Answered by Captain Cranium on December 22, 2020

The often misapplied irony is applicable here.

[A] state of affairs or an event that seems deliberately contrary to what one expects and is often amusing as a result.

(GOOG)

This refers to the state of the affairs itself, and not some locus of causality generating those affairs.

Answered by jimm101 on December 22, 2020

If the act of preparing actually mechanically causes the prepared-for event to not occur, then either you knew that preparing would prevent the event, or you didn't.

If you did know, the word is "deterrence."

If you didn't know, the word you would use is "luck" (either good or bad, depending on whether you wanted the thing to occur—for example, you might prepare to go to a place, alerting someone who hates you, who then goes and burns the place down, which would appear to be bad luck; or, you might prepare for someone invading your castle, but they see your defenses are too strong and decide not to invade).

I don't think Murphy's (or Sod's or Finagle's) Law has anything to do with it.

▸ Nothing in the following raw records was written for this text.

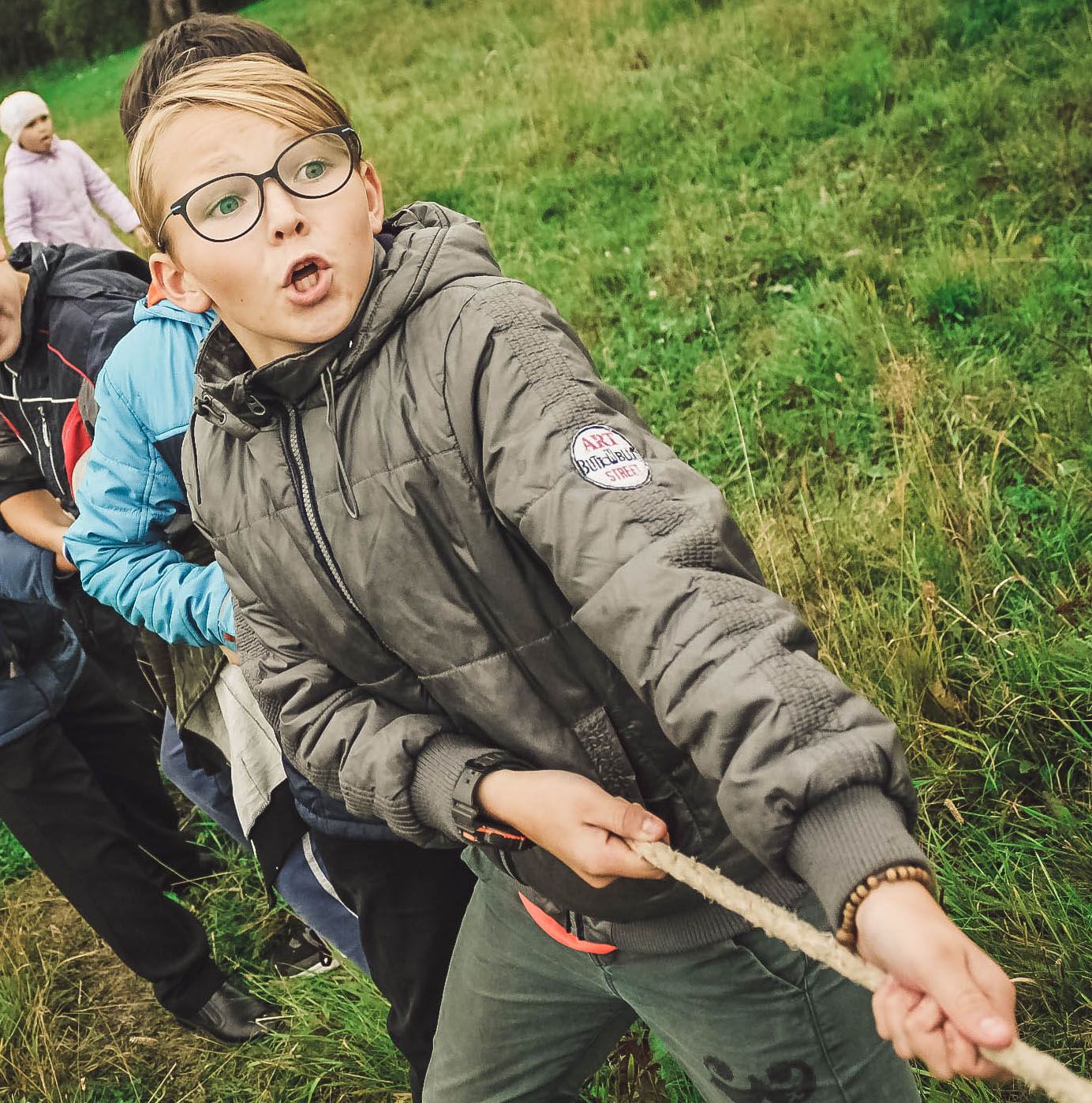 Young blonde girl pulling on a rope in a game of tug of war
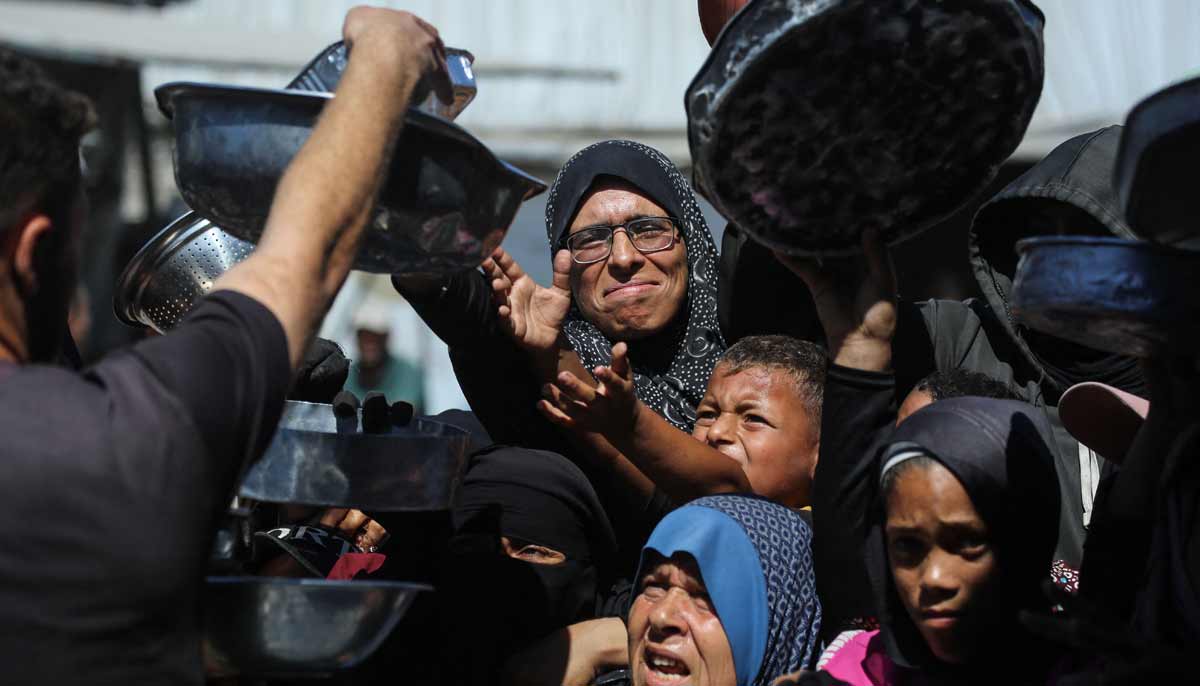Displaced Palestinians from Beit Hanoun, waiting to receive food at a charity kitchen in Khan Yunis, in the southern Gaza Strip. — AFP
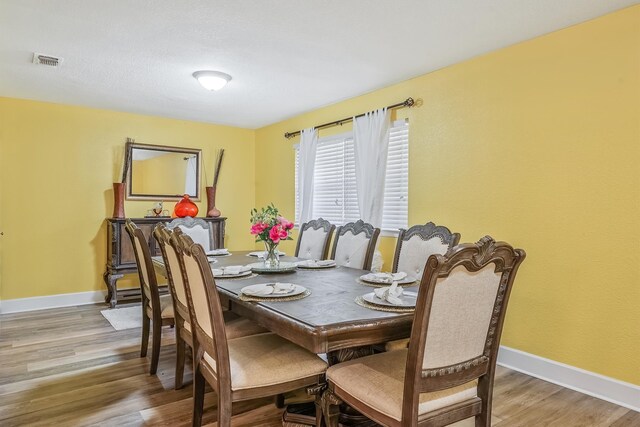 dining area with hardwood / wood-style floors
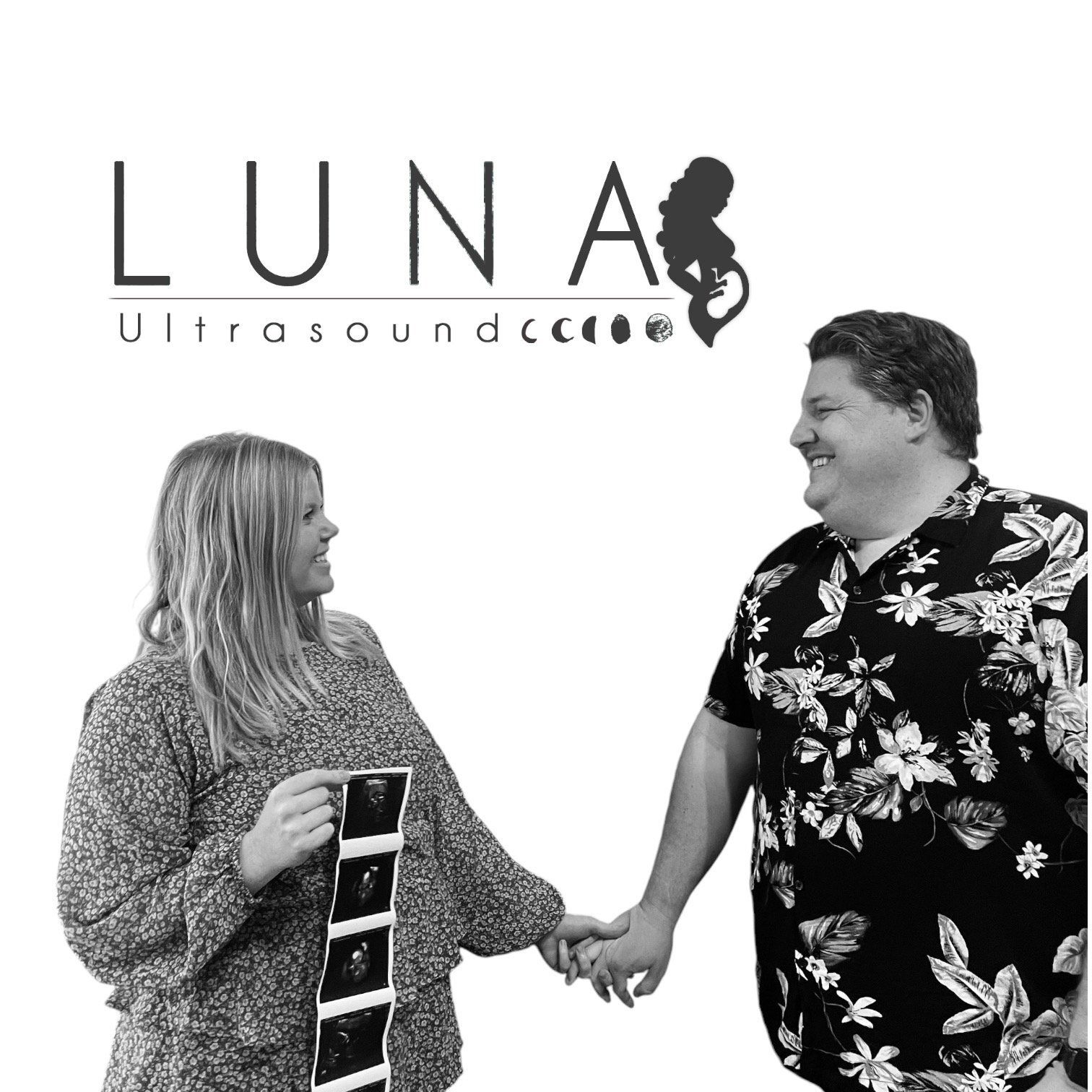 A man and a woman are holding hands in front of a luna ultrasound logo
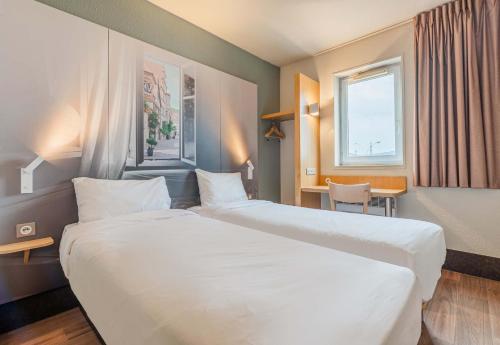 万泽内姆B&B HOTEL Colmar Vignobles Ouest的酒店客房配有两张床和一张书桌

Answered by dirtside on December 22, 2020

The opposite of a self-fulfilling prophecy is a self-defeating prophecy:

a prediction that prevents what it predicts from happening. This is also known as the "prophet's dilemma".

(Wikipedia, "Self-defeating prophecy")

Preparing for something usually needs that we first predict that it is somewhat likely to occur. In this case, the "prophecy" part is taking or not taking the umbrella in the expectation or non-expectation of rain (while failing to take account of the magical effect of taking the umbrella).

Answered by Glen_b on December 22, 2020

I would call that "better safe than sorry"

If nothing bad happened I don't think either Murphy's law or Sod's law or similar are applicable, and you didn't prevent the bad thing from happening.

Answered by hazy on December 22, 2020

I've known it for years: It is "using Murphy's Law in your favor". E.g. buys lots of insurance you end up never needing.

Answered by Jay on December 22, 2020

Better to have it and not need it than to need it and not have it

Answered by Shazoo on December 22, 2020

I created a word for this. "Anti-hypo-causal". Anti = against you, hypo = hypothetical situation, causal = if I have prepared I won't have needed to, if I haven't prepared I would've needed to. I guess in some situations it could be an anti-causal, if it actually happens and it's not hypothetical.